» **EXERCISE OBJECTIVE**:
Every entry gets copied exactly. No images go into the copy.

(Scraped caption text data)
- - -

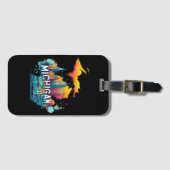 Retro  Michigan State Kaart Bagagelabel (Voorkant (horizontaal))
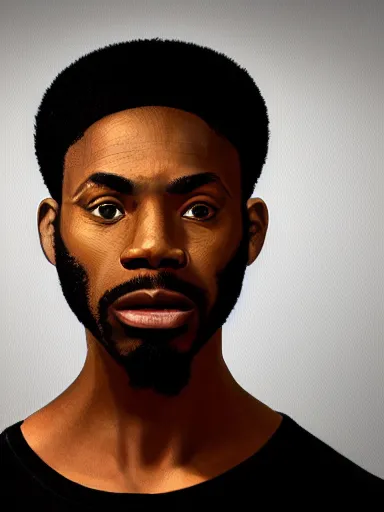 Prompt: portrait of a modern black man wearing a dark shirt, upper body 2d game avatar, Donato Giancola, Kodak film stock, chiaroscuro lighting, default pose neutral expression, face-on head shot, close-up, eye-contact, sharp focus, shape language, Alphonse Mucha/Gustav Klimt style, alpha masked transparent flat grey background, 4k, volumetric lighting, French Nouveau, trending on artstation, octane render, ultra detailed, hyperrealistic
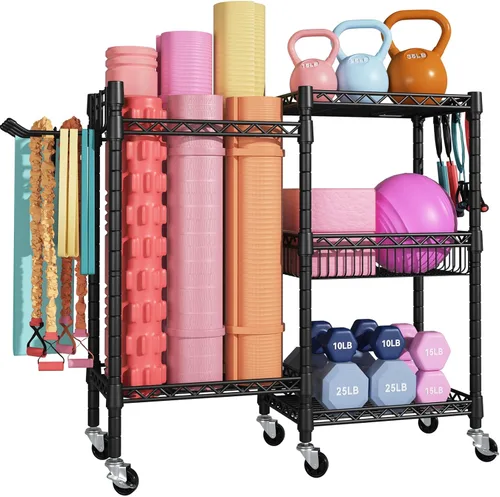 FUTASSI Almacenamiento para Gimnasio en Casa, Organizador de Equipo de Entrenamiento de 3 Niveles con Ruedas para Esterillas de Yoga, Rodillo de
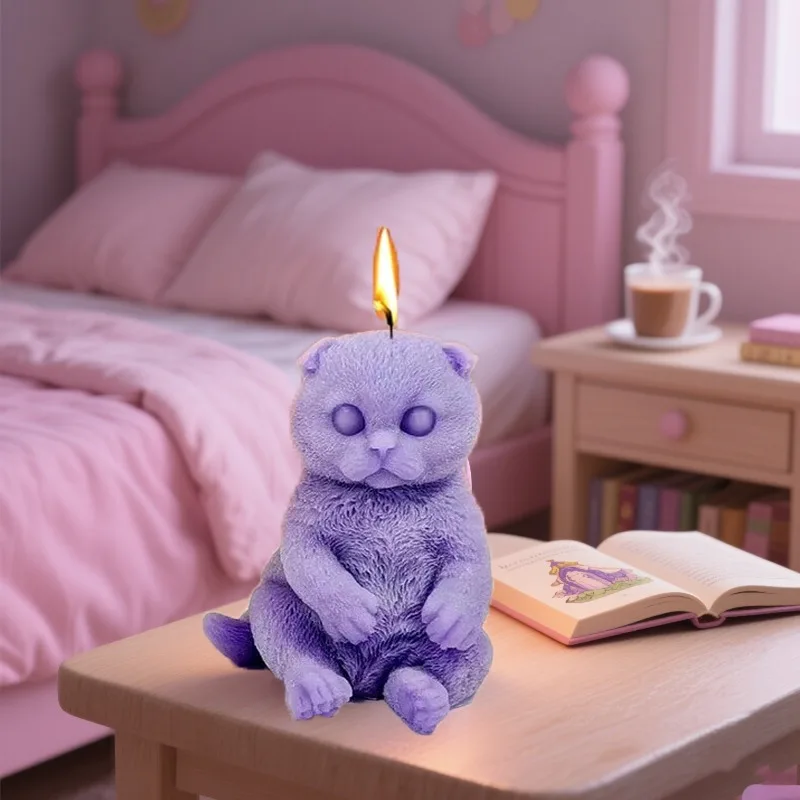 Mini Katze Kerze Silikon Form 3D Sitzende Katze Handwerk Gips Harz Zement Seife Form DIY Tier Form Kerze Machen Liefert Image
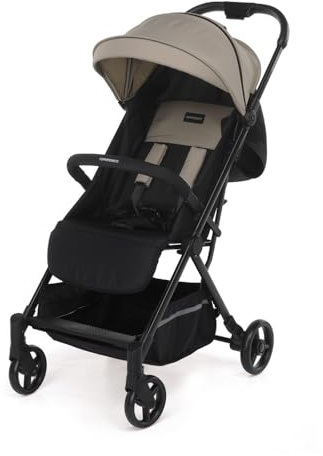 Foppapedretti Passeggino Compatto Voilà, per bambini 0-22 Kg (0-4 anni), Chiusura ad 1 mano, Self-Standing, Schienabile Regolabile, Trasportabile, Porta Oggetti, Telaio in Alluminio, Sabbia
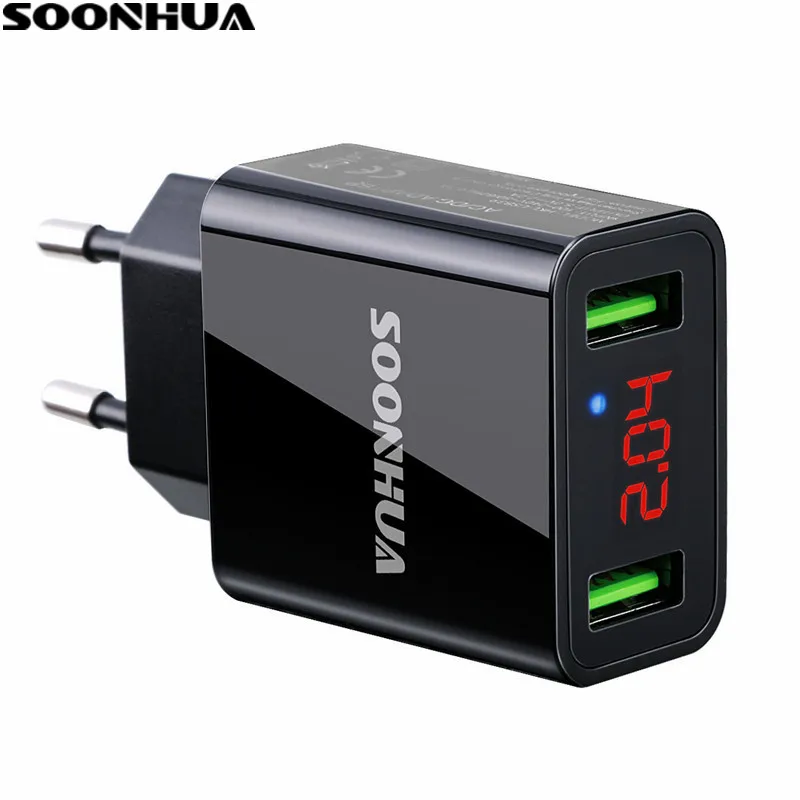 Зарядное устройство SOONHUA со светодиодным дисплеем 2 USB вилка стандарта ЕС/США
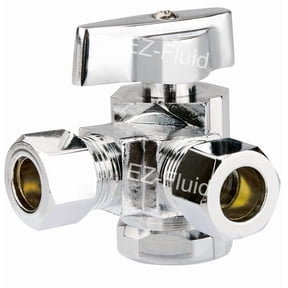 EZ-Fluid 1/2" FIP Female Iron Pipe Threaded X 3/8"Comp X 3/8"Comp 1/4 Turn Dual Outlets Heavy Duty Chrome Brass Angle Stop Valve Water Shut Off Ball Valve For Water Pipes,Kitchen,Bathroom(1)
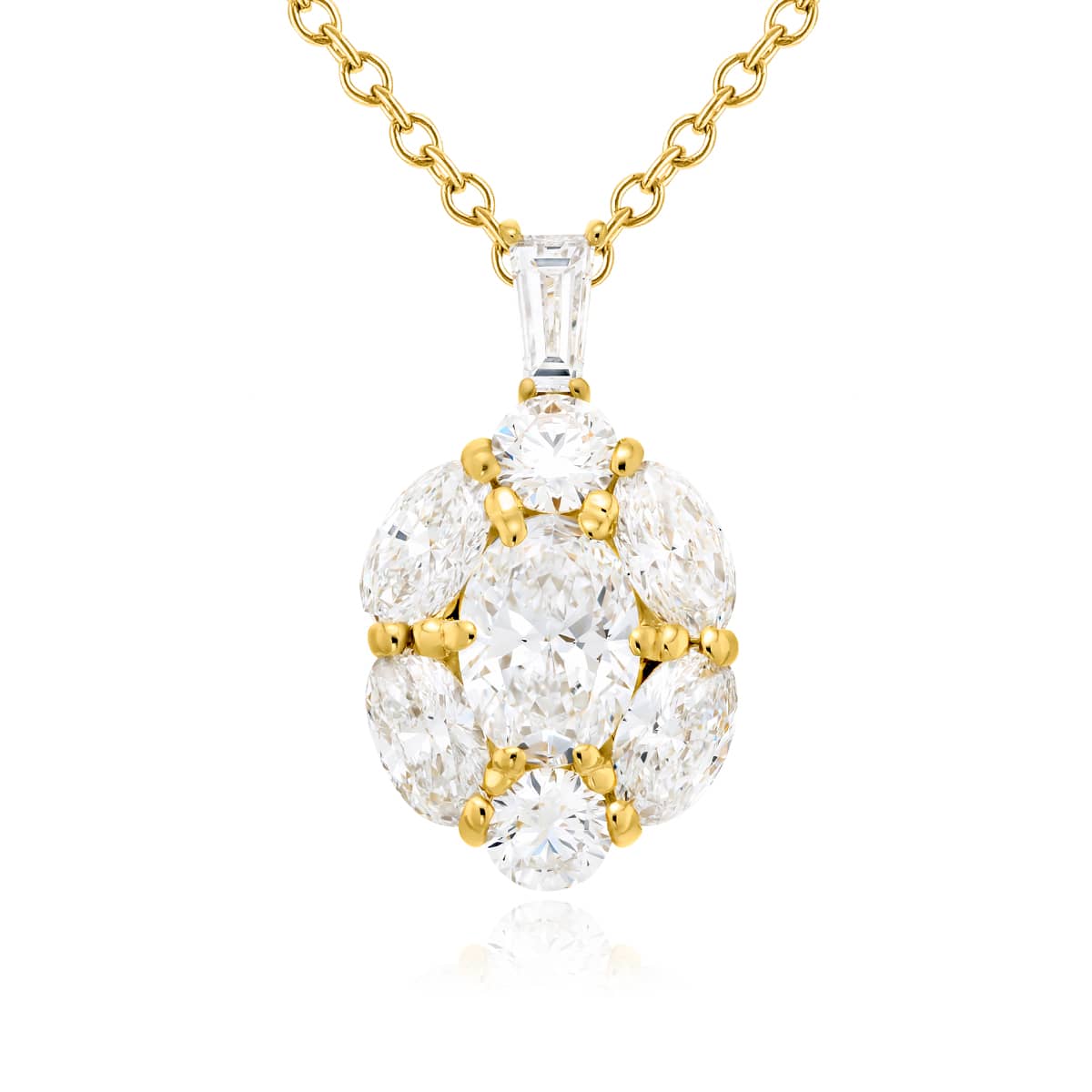 18K Yellow Gold Oval Diamond Encircled Certified Pendant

- - -

» **FINISHED EXERCISE**:
 Retro  Michigan State Kaart Bagagelabel (Voorkant (horizontaal))
 Prompt: portrait of a modern black man wearing a dark shirt, upper body 2d game avatar, Donato Giancola, Kodak film stock, chiaroscuro lighting, default pose neutral expression, face-on head shot, close-up, eye-contact, sharp focus, shape language, Alphonse Mucha/Gustav Klimt style, alpha masked transparent flat grey background, 4k, volumetric lighting, French Nouveau, trending on artstation, octane render, ultra detailed, hyperrealistic
 FUTASSI Almacenamiento para Gimnasio en Casa, Organizador de Equipo de Entrenamiento de 3 Niveles con Ruedas para Esterillas de Yoga, Rodillo de
 Mini Katze Kerze Silikon Form 3D Sitzende Katze Handwerk Gips Harz Zement Seife Form DIY Tier Form Kerze Machen Liefert Image
 Foppapedretti Passeggino Compatto Voilà, per bambini 0-22 Kg (0-4 anni), Chiusura ad 1 mano, Self-Standing, Schienabile Regolabile, Trasportabile, Porta Oggetti, Telaio in Alluminio, Sabbia
 Зарядное устройство SOONHUA со светодиодным дисплеем 2 USB вилка стандарта ЕС/США
 EZ-Fluid 1/2" FIP Female Iron Pipe Threaded X 3/8"Comp X 3/8"Comp 1/4 Turn Dual Outlets Heavy Duty Chrome Brass Angle Stop Valve Water Shut Off Ball Valve For Water Pipes,Kitchen,Bathroom(1)
 18K Yellow Gold Oval Diamond Encircled Certified Pendant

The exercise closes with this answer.